反串所以能在中国盛行,还有两个重要的社会原因:
其一是中国长期以来对男女两性的性别特征的贬抑和抹杀。男女两性原本存在鲜明的第二性征,这种性别差异表现在外貌特别是体形特征上,也表现在声音的音色、音质、音域上,这是分别产生男性美和女性美的重要因素。在西方,人们很早就发现人的这种外形美,并在艺术中直接地、大胆地表现出来,在雕塑绘画中表现人体是司空见惯的事,在古希腊,甚至在运动会及某些歌舞表演中男女也是全裸的。但在中国则是另一种情况,在封建社会中女性成了男性的私有财产,他们从小让女子“藏在深闺人未识”,绝不让他们在外面“抛头露面”,以免“丢人现眼”;他们还订立种种行为规范来约束女性,如“笑不露齿,行不露足”等等,到女子成熟时,为怕女性的外貌特征引起其他男子的觊觎,甚至采取束胸的方法把女性乳房压扁,这种做法不单是中国有,在其他东方国家如日本等也有类似的做法。在中国的艺术中,除了汉、唐等比较开放的年代对男女外表上的性征有所表现外,其他朝代则基本上回避了男女第二性征的表现,有时甚至有意抹杀性征,连肩负着为千千万万个家庭带来子女重任的“生育女神”——送子观音其塑像也大都有意给塑造成胸部平平的,这种特殊的做法还有一个专门术语叫做“童胸”,西方人一定会惊讶于这样的生育女神如何能完成哺乳任务。实际上在中国封建社会的现实生活及艺术中,男女两性的差别一般只体现在服装、化妆、发式等方面,在宽大的外衣笼罩下,男女形体上的性别特征也就很难区别了,这就为反串表演在扮相上提供了方便。

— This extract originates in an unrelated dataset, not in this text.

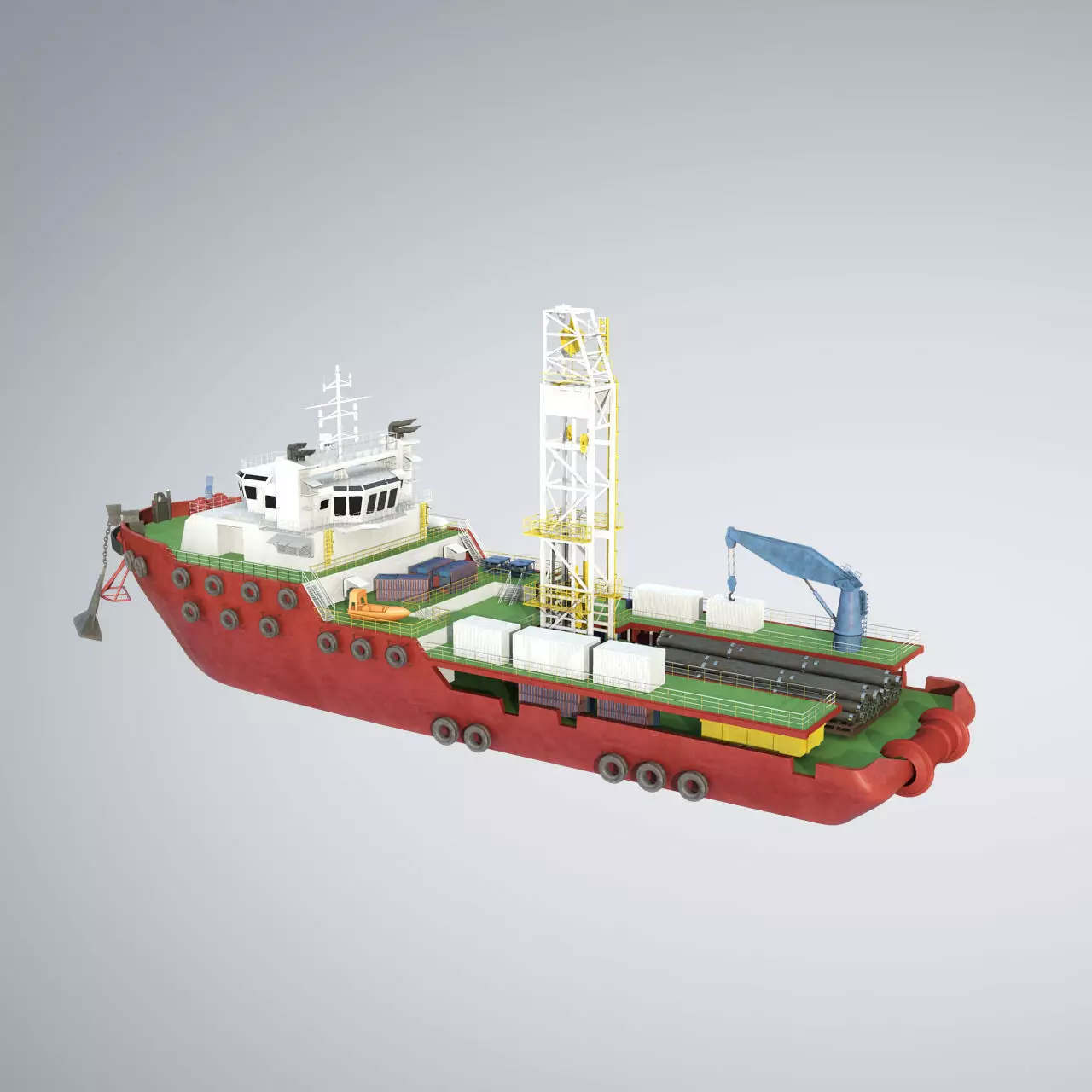 Offshore Supply Vessel 3D model_0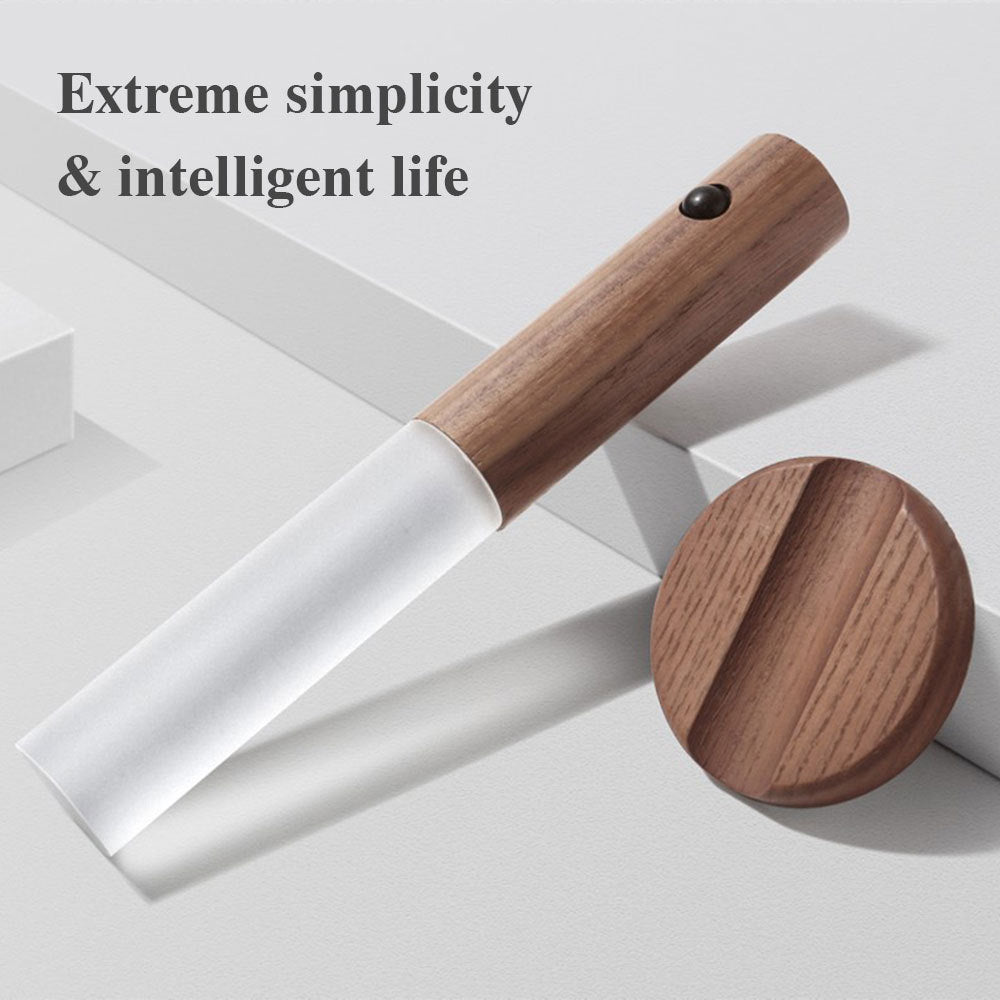 Magnetic Motion Sensor LED Night Light – Warm Wood USB Rechargeable Wall Lamp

其二,中国传统的“表现论”美学十分强调传神,在形似与神似两方面强调的是神似,一部作品只要能传达作者的“志”与“意”,则其外表上的形是不重要的,此所谓“得鱼而忘筌,得意而忘形”;西方则以“模仿论”为艺术主要的创作方法,在表现人物时首先需要“像”,外表上要逼真,特别是从古希腊开始的崇尚人体自然美的风尚体现在艺术中,即是对男女两性外表特征上的逼真表现。而中国则由于“得意而忘形”,往往不大重视男女两性的性别差异,特别是体形上的性别差异,故在戏剧、舞蹈等表演艺术中,其服装则不大着重突出两性体形的差异,因此,当舞台上出现反串表演时,观众一般不去指责男扮女或女扮男在外形上像不像,而是把注意力放在作品所表现的内容上,即作品所传达的“意”上。这就为男女两性的反串提供了极大的方便。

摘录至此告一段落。